◆ **What you should do**
Copy every line of the data exactly, keeping out any picture.

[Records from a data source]
=== Section Start ===

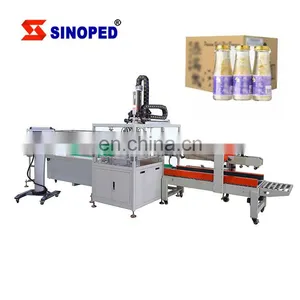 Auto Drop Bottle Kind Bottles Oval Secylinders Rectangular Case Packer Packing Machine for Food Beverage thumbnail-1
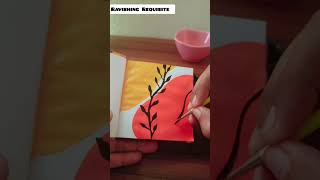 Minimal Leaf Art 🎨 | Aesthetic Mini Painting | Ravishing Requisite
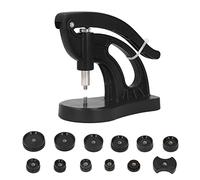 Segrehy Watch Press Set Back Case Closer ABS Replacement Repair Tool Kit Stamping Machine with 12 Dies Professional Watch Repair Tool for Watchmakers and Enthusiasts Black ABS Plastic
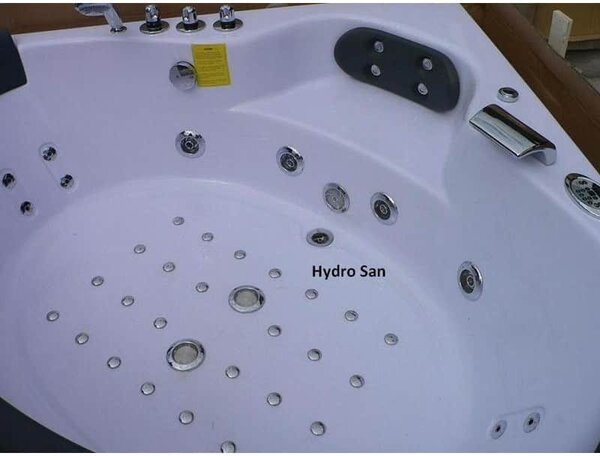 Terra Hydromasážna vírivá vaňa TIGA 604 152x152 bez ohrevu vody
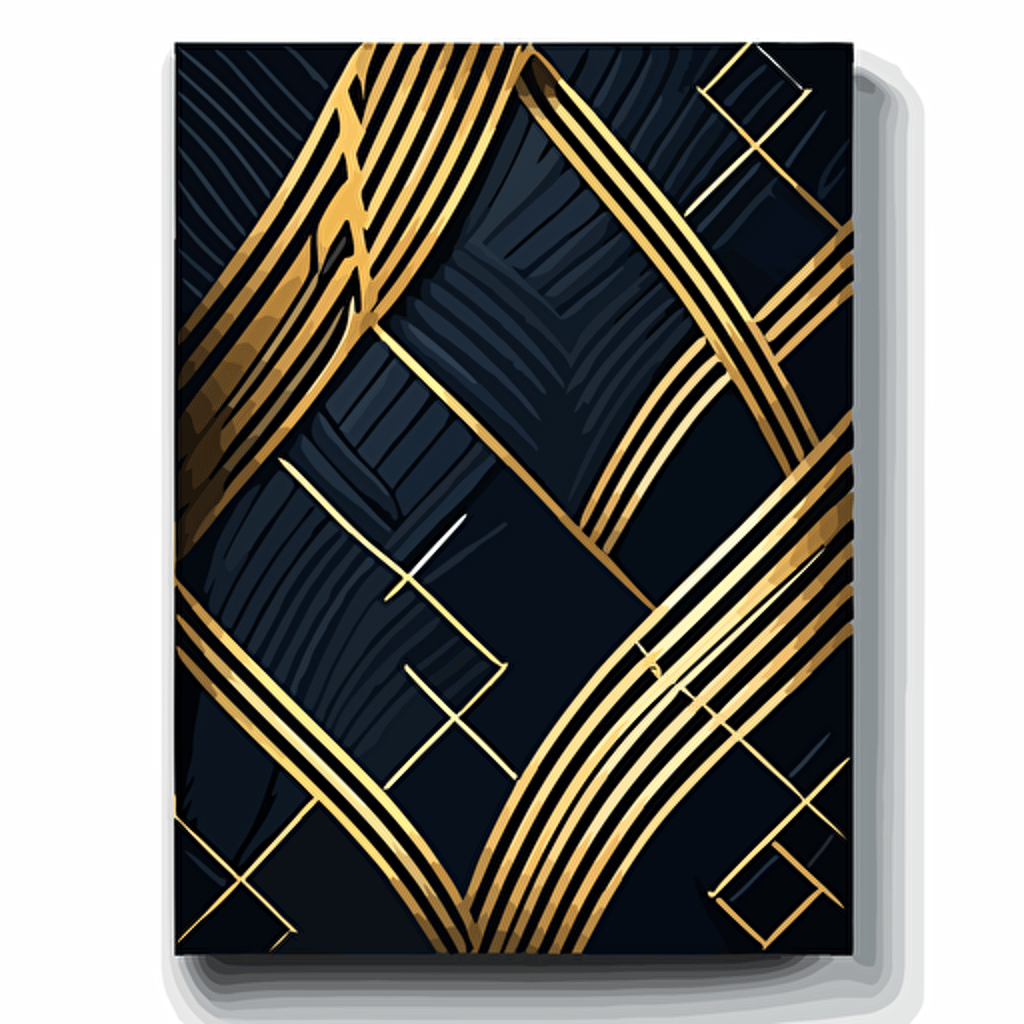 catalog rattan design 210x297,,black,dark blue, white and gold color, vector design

=== Section End ===

◆ **Exercise solution**
 Auto Drop Bottle Kind Bottles Oval Secylinders Rectangular Case Packer Packing Machine for Food Beverage thumbnail-1
 Minimal Leaf Art 🎨 | Aesthetic Mini Painting | Ravishing Requisite
 Segrehy Watch Press Set Back Case Closer ABS Replacement Repair Tool Kit Stamping Machine with 12 Dies Professional Watch Repair Tool for Watchmakers and Enthusiasts Black ABS Plastic
 Terra Hydromasážna vírivá vaňa TIGA 604 152x152 bez ohrevu vody
 catalog rattan design 210x297,,black,dark blue, white and gold color, vector design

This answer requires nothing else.